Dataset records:
++++
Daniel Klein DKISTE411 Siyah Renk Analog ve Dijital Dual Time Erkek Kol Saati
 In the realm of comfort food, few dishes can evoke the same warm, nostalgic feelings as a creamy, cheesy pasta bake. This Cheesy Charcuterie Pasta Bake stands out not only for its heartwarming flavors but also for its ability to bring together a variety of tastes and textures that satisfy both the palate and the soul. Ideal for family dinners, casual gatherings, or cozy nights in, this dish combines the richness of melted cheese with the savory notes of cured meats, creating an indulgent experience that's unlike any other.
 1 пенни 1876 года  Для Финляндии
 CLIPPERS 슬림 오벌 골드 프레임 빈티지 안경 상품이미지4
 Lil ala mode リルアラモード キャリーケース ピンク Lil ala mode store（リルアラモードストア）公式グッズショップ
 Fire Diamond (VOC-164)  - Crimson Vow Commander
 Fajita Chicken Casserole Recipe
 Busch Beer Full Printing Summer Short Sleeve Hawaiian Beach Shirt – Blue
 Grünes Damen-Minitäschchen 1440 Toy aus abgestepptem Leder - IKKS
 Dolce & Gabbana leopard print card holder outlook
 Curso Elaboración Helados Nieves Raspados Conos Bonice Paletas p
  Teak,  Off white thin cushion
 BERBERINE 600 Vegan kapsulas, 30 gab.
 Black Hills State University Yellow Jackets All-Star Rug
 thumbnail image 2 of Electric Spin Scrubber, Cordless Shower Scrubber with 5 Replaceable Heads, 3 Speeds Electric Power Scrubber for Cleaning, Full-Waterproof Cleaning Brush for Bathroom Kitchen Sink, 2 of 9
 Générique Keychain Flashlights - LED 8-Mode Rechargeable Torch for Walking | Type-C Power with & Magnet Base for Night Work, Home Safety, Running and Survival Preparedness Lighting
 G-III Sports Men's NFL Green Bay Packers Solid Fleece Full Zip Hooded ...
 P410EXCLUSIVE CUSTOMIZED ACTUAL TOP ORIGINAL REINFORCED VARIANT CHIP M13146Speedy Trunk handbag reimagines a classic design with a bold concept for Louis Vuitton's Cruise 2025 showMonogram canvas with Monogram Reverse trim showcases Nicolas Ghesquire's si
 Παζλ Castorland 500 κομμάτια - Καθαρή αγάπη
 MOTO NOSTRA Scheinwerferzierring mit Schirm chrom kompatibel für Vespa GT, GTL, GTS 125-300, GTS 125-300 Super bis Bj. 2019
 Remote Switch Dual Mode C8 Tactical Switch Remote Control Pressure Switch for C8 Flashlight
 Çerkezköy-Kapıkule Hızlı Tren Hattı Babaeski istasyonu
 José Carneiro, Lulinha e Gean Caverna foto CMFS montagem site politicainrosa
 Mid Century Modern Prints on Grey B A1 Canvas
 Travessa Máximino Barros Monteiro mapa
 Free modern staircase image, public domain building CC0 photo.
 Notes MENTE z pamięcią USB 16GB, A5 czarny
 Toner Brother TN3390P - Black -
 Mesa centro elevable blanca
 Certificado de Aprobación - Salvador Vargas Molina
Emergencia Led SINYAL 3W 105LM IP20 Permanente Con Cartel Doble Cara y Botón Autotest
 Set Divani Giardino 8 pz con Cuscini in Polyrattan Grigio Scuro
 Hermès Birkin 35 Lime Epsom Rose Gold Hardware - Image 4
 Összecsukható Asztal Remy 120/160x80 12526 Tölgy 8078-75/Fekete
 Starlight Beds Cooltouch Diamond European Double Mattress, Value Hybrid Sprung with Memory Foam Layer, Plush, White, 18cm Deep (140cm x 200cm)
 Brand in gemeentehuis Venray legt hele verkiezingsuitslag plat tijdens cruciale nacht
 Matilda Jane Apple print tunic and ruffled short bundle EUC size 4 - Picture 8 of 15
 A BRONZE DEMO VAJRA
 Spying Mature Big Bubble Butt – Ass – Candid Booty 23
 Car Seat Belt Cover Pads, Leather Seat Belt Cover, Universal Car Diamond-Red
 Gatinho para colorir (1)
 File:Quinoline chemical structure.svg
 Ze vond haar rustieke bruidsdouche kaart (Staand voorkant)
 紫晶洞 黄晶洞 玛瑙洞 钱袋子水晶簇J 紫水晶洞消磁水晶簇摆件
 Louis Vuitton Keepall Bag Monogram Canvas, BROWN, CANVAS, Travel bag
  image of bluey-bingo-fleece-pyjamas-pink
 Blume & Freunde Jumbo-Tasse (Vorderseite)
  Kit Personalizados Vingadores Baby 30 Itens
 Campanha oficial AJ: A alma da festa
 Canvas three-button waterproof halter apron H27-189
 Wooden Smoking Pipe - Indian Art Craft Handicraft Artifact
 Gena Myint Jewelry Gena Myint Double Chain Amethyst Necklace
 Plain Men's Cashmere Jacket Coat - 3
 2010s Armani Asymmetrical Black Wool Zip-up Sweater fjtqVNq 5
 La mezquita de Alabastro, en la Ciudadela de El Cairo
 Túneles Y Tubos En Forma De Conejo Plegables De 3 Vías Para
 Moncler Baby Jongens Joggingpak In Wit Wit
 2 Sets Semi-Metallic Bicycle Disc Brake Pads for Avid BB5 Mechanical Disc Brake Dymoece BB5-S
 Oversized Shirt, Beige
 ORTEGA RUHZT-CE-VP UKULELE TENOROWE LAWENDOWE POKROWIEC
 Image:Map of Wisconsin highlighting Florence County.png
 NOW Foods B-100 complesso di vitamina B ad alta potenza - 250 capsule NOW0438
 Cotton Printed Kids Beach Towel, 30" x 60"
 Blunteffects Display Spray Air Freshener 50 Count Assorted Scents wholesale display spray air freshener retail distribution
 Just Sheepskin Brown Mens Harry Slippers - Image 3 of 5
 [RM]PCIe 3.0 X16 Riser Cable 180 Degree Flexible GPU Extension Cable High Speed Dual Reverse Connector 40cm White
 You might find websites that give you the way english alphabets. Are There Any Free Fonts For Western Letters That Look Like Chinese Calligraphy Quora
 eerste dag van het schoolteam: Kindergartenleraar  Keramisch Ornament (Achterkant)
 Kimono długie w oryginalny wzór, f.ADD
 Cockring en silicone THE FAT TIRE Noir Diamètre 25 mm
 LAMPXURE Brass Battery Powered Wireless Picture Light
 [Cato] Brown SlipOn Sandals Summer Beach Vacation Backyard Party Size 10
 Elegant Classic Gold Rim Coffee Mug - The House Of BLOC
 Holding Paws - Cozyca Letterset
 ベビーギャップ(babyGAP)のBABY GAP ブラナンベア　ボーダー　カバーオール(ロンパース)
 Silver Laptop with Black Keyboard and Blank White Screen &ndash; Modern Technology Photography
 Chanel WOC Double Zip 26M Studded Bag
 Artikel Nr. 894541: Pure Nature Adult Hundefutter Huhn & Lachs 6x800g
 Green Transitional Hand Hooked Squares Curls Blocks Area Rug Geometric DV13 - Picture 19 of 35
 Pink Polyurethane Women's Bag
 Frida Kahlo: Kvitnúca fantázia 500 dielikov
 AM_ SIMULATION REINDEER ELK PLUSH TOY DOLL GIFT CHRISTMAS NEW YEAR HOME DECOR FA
++++
Work out how many lines of the data hold the string "Louis". Reply with that number alone.

2